WHAT IS REQUIRED. In the data below, begin at the line with "05 Betweenness Centrality" and stop after the line with "Четвертая страница ПРИЛОЖЕНИЕ"; output those lines exactly and no pictures.

RECORDS SHOWN.
========================================
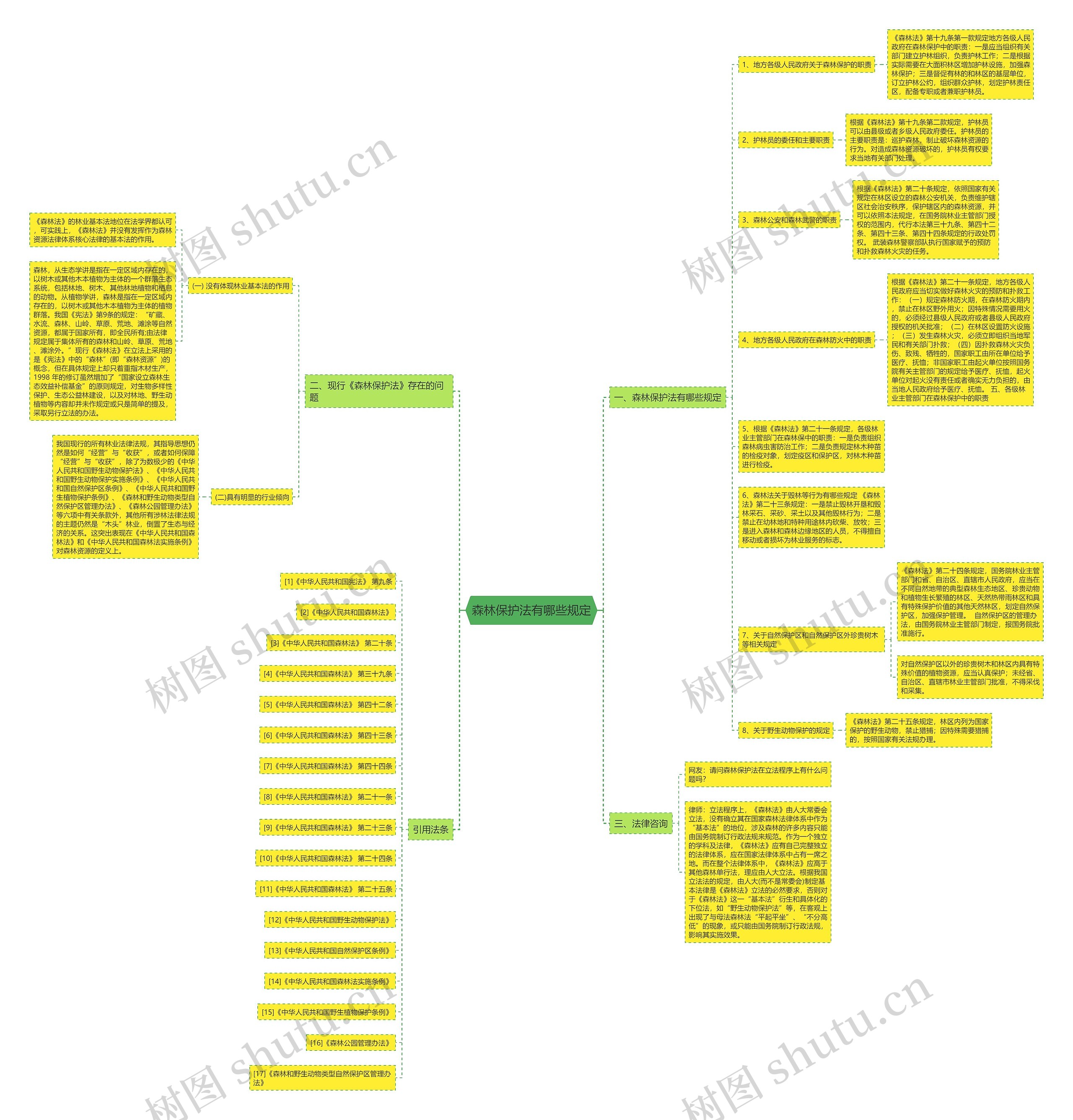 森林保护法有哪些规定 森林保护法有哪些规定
========================================
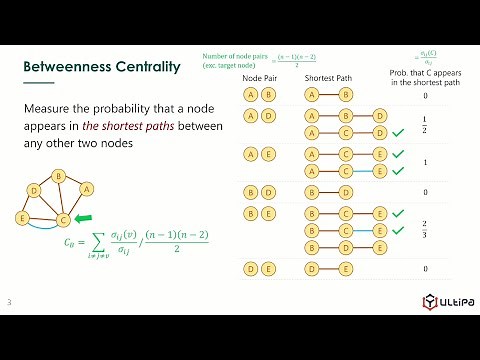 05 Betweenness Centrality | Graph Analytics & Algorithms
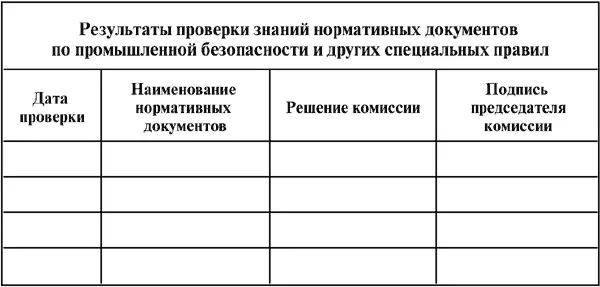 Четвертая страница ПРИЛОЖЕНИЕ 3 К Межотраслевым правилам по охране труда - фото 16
========================================
PROBLEM SOLUTION.
 05 Betweenness Centrality | Graph Analytics & Algorithms
 Четвертая страница ПРИЛОЖЕНИЕ 3 К Межотраслевым правилам по охране труда - фото 16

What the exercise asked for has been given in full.